Geomorphic Development of the Western Himalayas
Abstract
Evolution of the drainage system of the western Himalayas was controlled by antecedance, superposition, capture, ponding, avulsion, and faulting following collision and suturing of the Kohistan-Ladakh island arc between the Indian and Eurasian Terranes. The Indus River arose sometime in the middle Tertiary from an area of eroded volcanics near Mt. Kailas in Tibet and established a course to an ancestral "Sindh estuarine" embayment about 300 km north of the present delta. Neither the old idea of a northwest-flowing "Indobrahm" river in the Himalayan foredeep, nor the newer postulate of an east-flowing ancestral Indus seem necessary to explain topographic or paleocurrent data that indicate diverse drainage directions. Instead the Indus River seems to have established itself along the axis of the island arc system, and in the Haramosh-Nanga Parbat area it was deflected south in an apparent sinistral sense along the Main Mantle Thrust. Subsequent reversal of motion produced a later dextral offset along the Raikot fault. The river was deflected similarly as it crosses the Kalabagh fault through the Salt Range.

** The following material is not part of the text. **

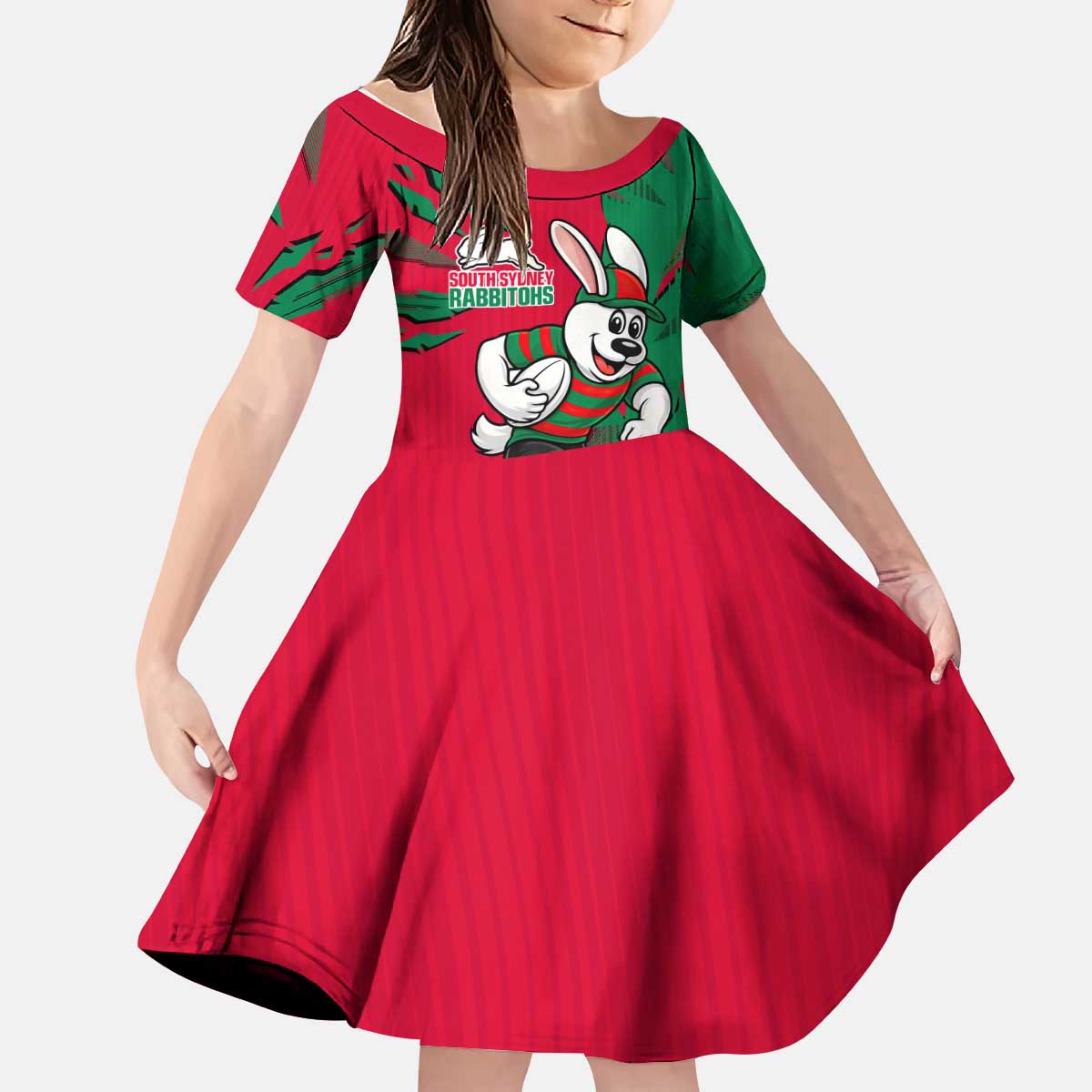 Personalized South Sydney Rabbitohs Kid Short Sleeve Dress Dynamic Lightning Mascot Rugby Australia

Consideration of relations between uplift rates and erosion shows that the Himalayas are at least six times lower than the theoretical maximum, indicating that balance is achieved by discontinuous pulses of rapid uplift alternating with longer periods of quiescence, as well as by variable rates of channel incision and slope processes of erosion. Calculation of long-term sediment deposition in the Indian Ocean equates to a denudation rate of 0.2 mm/yr. Short-term present day rates are 1-1.8 mm/yr. Present uplift of Nanga Parbat is about 5 mm/yr and is nearly balanced by denudation at Raikot Glacier of 4 mm/yr.
In Pleistocene at least three episodes of glacial advance left thick valley-fill sections that allow definition of Quaternary events. The early stage is indurated lower Jalipur tillites that lack clasts from Nanga Parbat and show that uplift had not yet exposed the massif. Overlying heterogeneous upper Jalipur valley-fill sedimentary rock is younger than 1-2 m/yr and is overturned or overridden by basement faulting in places. The middle stage is two or more tills intercalated within variable sediments, including thick lacustrine deposits at Gilgit and Skardu. The last stage consists of three or more separate advances that retain moraine topography. At Nanga Parbat and several other places, transverse glaciers at this time blocked the Indus to produce prominent lake deposits. Some of these ice dams failed and produced catastrophic floods and emplacement of the Punjab erratics at the mountain front. In Holocene time numerous glacial fluctuations and surges have occurred and are being monitored. Both glacial advances and major slope failures across rivers have occurred throughout the western Himalaya in historic time and have produced large impoundments, the dams of which failed subsequently and produced catastrophic floods.